Um Lenins Ruhestätte gibt es keine Ruhe. Wie berichtet weigert sich das Landesdenkmalamt, das 1991 vom heutigen Platz der Vereinten Nationen abgeräumte und im Köpenicker Forst vergrabene Denkmal des Oktoberrevolutionärs für die in der Spandauer Zitadelle geplante Dauerausstellung „Enthüllt. Berlin und seine Denkmäler“ freizugeben. Gregor Gysi, Vorsitzender der Linksfraktion im Bundestag und Wahlkreisabgeordneter aus Treptow-Köpenick, will sich wegen der Sache an seinen früheren Chef Klaus Wowereit (SPD) wenden. Das teilte er auf Anfrage des Tagesspiegels mit. Die Sowjetunion sei eine der Siegermächte des von Deutschland begonnenen Zweiten Weltkrieges, „so dass wir ein Stück ihre Geschichte geerbt haben. Lenin darf man deshalb nicht verbuddeln; man muss ihn zeigen und darf sich mit ihm auseinandersetzen.“
Die Stadtentwicklungsverwaltung, zu der das Landesdenkmalamt gehört, wollte am Montag keine Nachfragen beantworten: „Die Entscheidung ist aus technischen und finanziellen Gründen, aber auch aus denkmalschützerischen Erwägungen so getroffen worden“, hieß es dort. Weitere Auskünfte gebe man nicht.
Die Ausstellungsleiterin hatte zunächst eine Zusage erhalten
Offiziell begründete der Landeskonservator die Absage damit, die genaue Lage von Lenins Kopf und der tatsächlich notwendige Aufwand für die Bergung seien ungewiss. Nur scheint diese Begründung wenig plausibel, weil Fotos von der Einlagerung des in 129 Teile zerlegten und erst nach mehr als einem Jahr mit Erde zugeschütteten Monuments existieren. Andrea Theissen, die Leiterin der geplanten Dauerausstellung, sagte am Montag: „Wir haben genug Geld und wir können den Zeitplan einhalten, weil wir über die Dokumentation in Form einer Lageskizze verfügen.“ Nachdem sie bereits 2009 von der Stadtentwicklungsverwaltung die Zusage erhalten habe, dass das Denkmal für sie reserviert sei, habe sie im März dieses Jahres noch einmal beantragt, den Kopf auszugraben. Doch seitdem hätten auch ein Brief an Senator Michael Müller (SPD) und ein Telefonat mit Landeskonservator Jörg Haspel keinen Erfolg gebracht. Nun würde Theissen gern den wahren Grund für die plötzliche Kehrtwende wissen. Auch das Argument, das einst 19 Meter hohe Denkmal solle komplett bleiben, überzeugt sie nicht. Denn immerhin sei es auf Betreiben des damaligen Stadtentwicklungssenators Volker Hassemer (CDU) 1991 aus der Denkmalliste des Landes ausgetragen worden.

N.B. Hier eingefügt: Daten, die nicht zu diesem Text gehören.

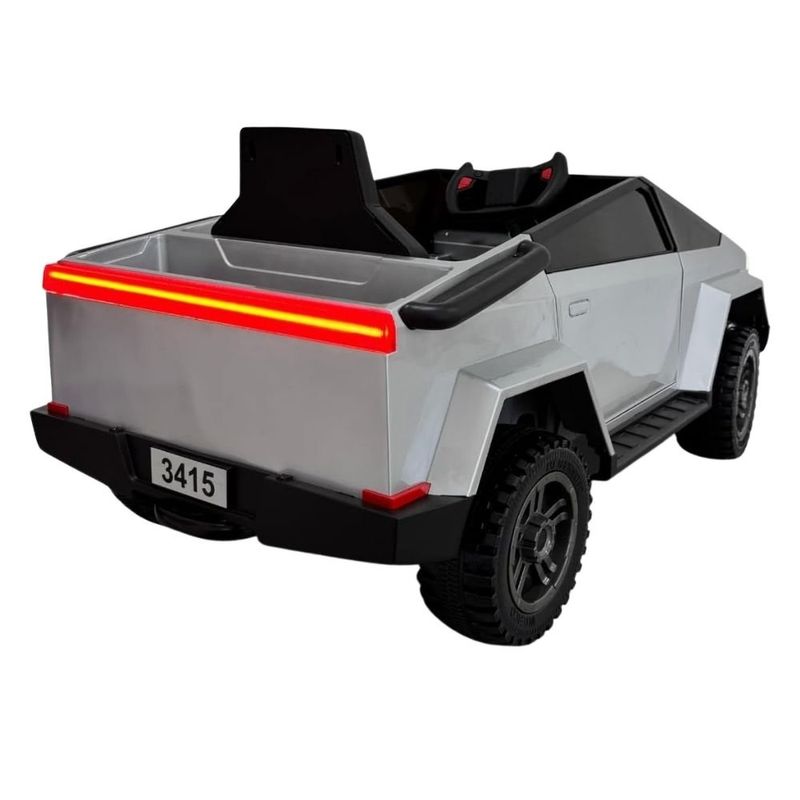 carro elétrico infantil unitoys supertruck 12v 3415 prata (mp)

Dieses Detail bringt die Verwaltung noch stärker in Erklärungsnot: Formal ist der Koloss aus ukrainischem Marmorgranit möglicherweise nur noch ein Haufen Bauschutt im Beritt der Berliner Forsten. Die gehören zwar ebenfalls zur Stadtentwicklungsverwaltung, aber hängen wohl nicht allzu sehr an dem verbuddelten Revolutionär: Immer mal wieder hieß es bei der Forstverwaltung, man sei zu dem Denkmal gekommen „wie die Jungfrau zum Kind“ und müsse nun die Hobby-Schatzsucher fernhalten.
Museumsleiterin Theissen hofft, dass Gysis Intervention beim Regierenden Bürgermeister die Entscheidung zugunsten von Lenin bringt, der als ein zentrales Objekt in der Ausstellung avisiert ist: „Klaus Wowereit hat sich bisher als großer Freund dieses Projekts gezeigt.“ In seiner Rede zur Grundsteinlegung der Ausstellung im Frühjahr habe der Regierungschef in Richtung des Spandauer CDU-Stadtrats gescherzt, dass der ja nun dafür verantwortlich sei, Lenin wieder ans Licht zurückzuholen.